Kenwood House

London NW3 7JR

Remodelled for the Earl of Mansfield by Robert Adam in 1764-73, white-stuccoed Kenwood House rises like a wedding cake above the greenery of north Hampstead Heath. It's one of north London's cultural highlights and a perfect target for a walk across the Heath. The house reopened in 2013 following painstaking restoration: highlights of Adam’s grand interior include the entrance hall (which doubled up as a dining room) and the over-the-top rococo Adam Library. There's also a top-class collection of paintings, the bequest of Edward Cecil Guinness, the brewing magnate and first Earl of Iveagh, who left the house to the nation on his death in 1927. He had impeccable taste: the works include one of Rembrandt’s most celebrated self-portraits and major paintings by Vermeer, Gainsborough and Turner.

Delightful landscaped grounds feature azalea gardens, ancient trees and lake, and a Henry Moore sculpture (just inside the gate to the west), while there's a fabulous view, rivalling that from Parliament Hill, from the hilltop just to the east of the house. Not forgetting an excellent café.
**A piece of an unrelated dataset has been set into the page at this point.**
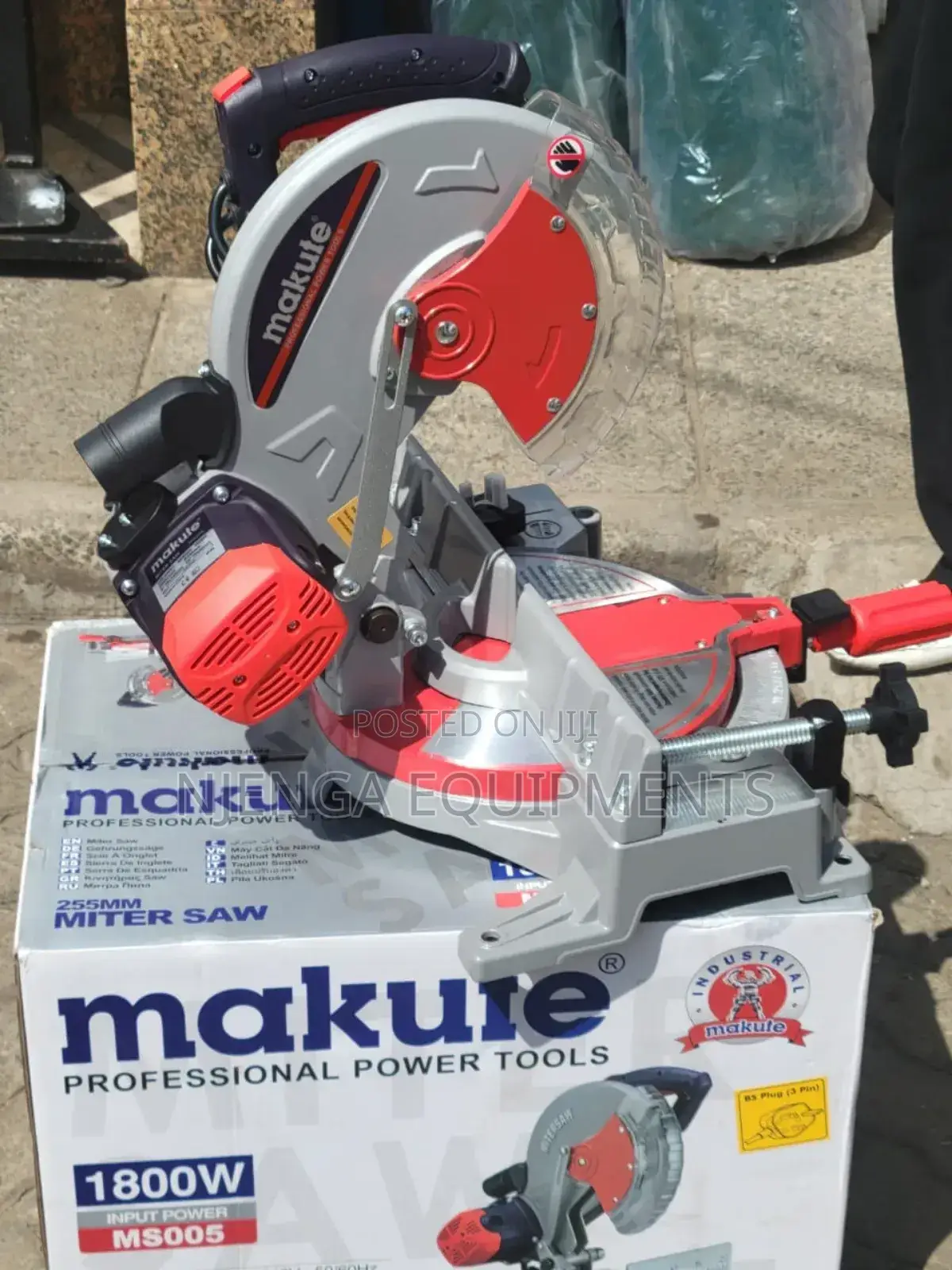 High Quality Makute Mitersaw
In July and August, Kenwood hosts a series of eight Saturday night ‘picnic concerts’, with the lake providing a backdrop to the stage. These are a big money-earner, paying for the upkeep of Kenwood, but in truth the programming tends to be a bit cheesy, with MOR and popular classics (culminating in fireworks) the order of the day. Admission is quite steep but you can hear it (faintly) and see any fireworks by joining the crowds of free picnickers on the adjoining hill.